— ASSIGNMENT —
Take the line that contains "Lumbar Decorative Pillow" and each one after it through the last line below, and retype them exactly. Leave out the pictures.

— DATA BELOW —
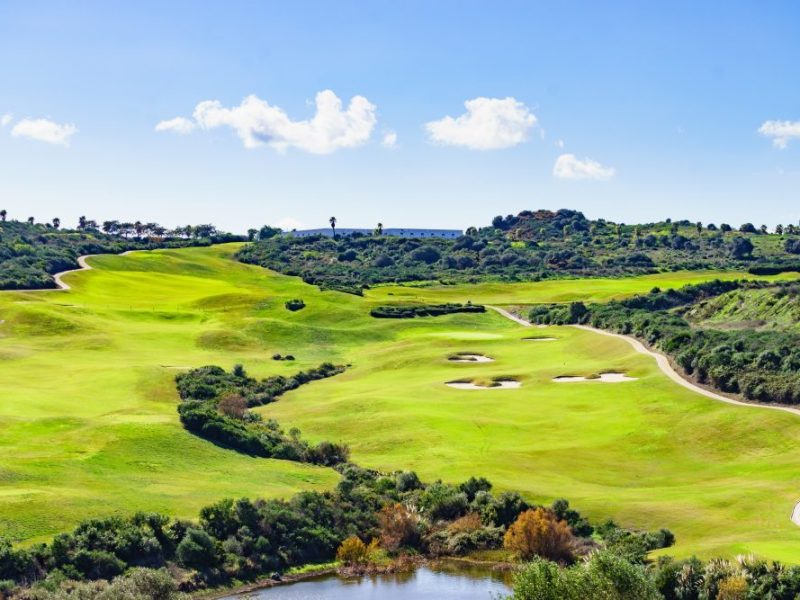 A flyover view of the Sotogrande golf course in Andalusia, Spain.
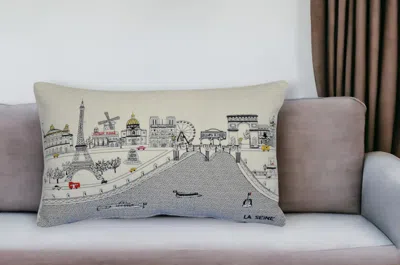Homezia 25" White Paris Daylight Skyline Lumbar Decorative Pillow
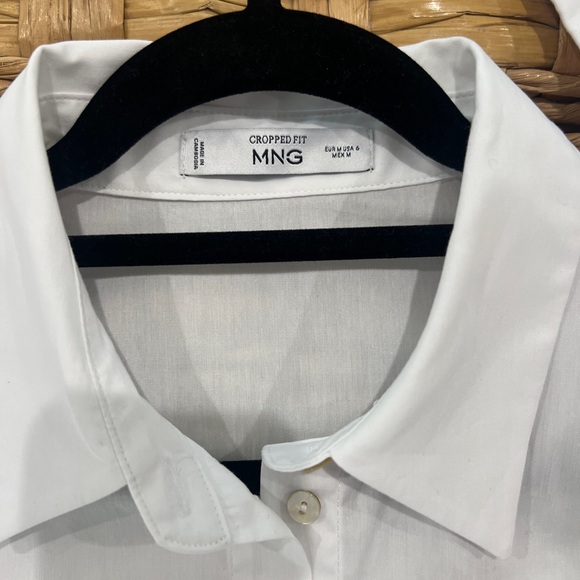 Mango Cropped Pocket Oversized shirt - Picture 2 of 5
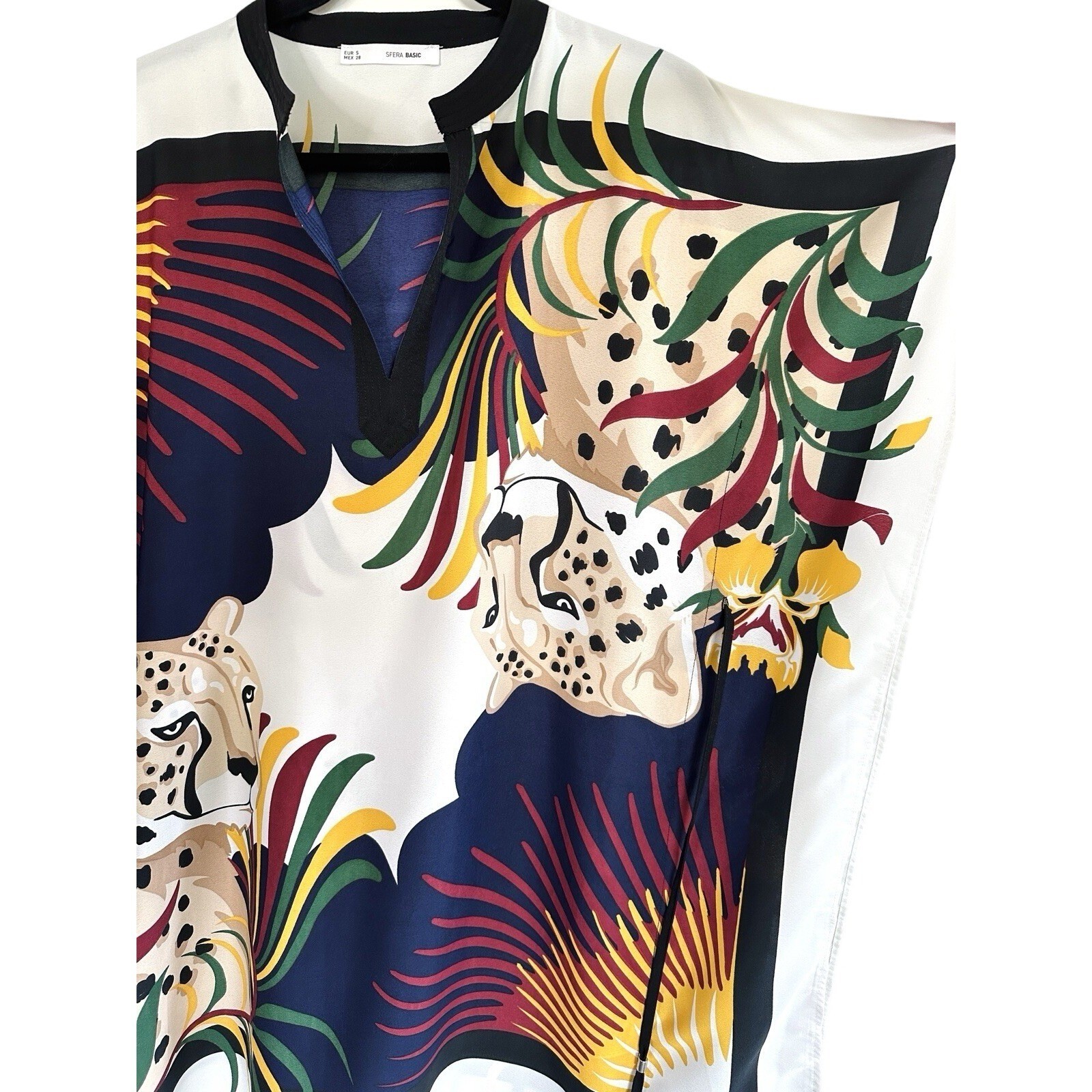 SFERA Leopard Tropical Print Caftan Dress Top S Swim Cover Up Boho Maximalist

— REPLY TO THE TASK —
Homezia 25" White Paris Daylight Skyline Lumbar Decorative Pillow
 Mango Cropped Pocket Oversized shirt - Picture 2 of 5
 SFERA Leopard Tropical Print Caftan Dress Top S Swim Cover Up Boho Maximalist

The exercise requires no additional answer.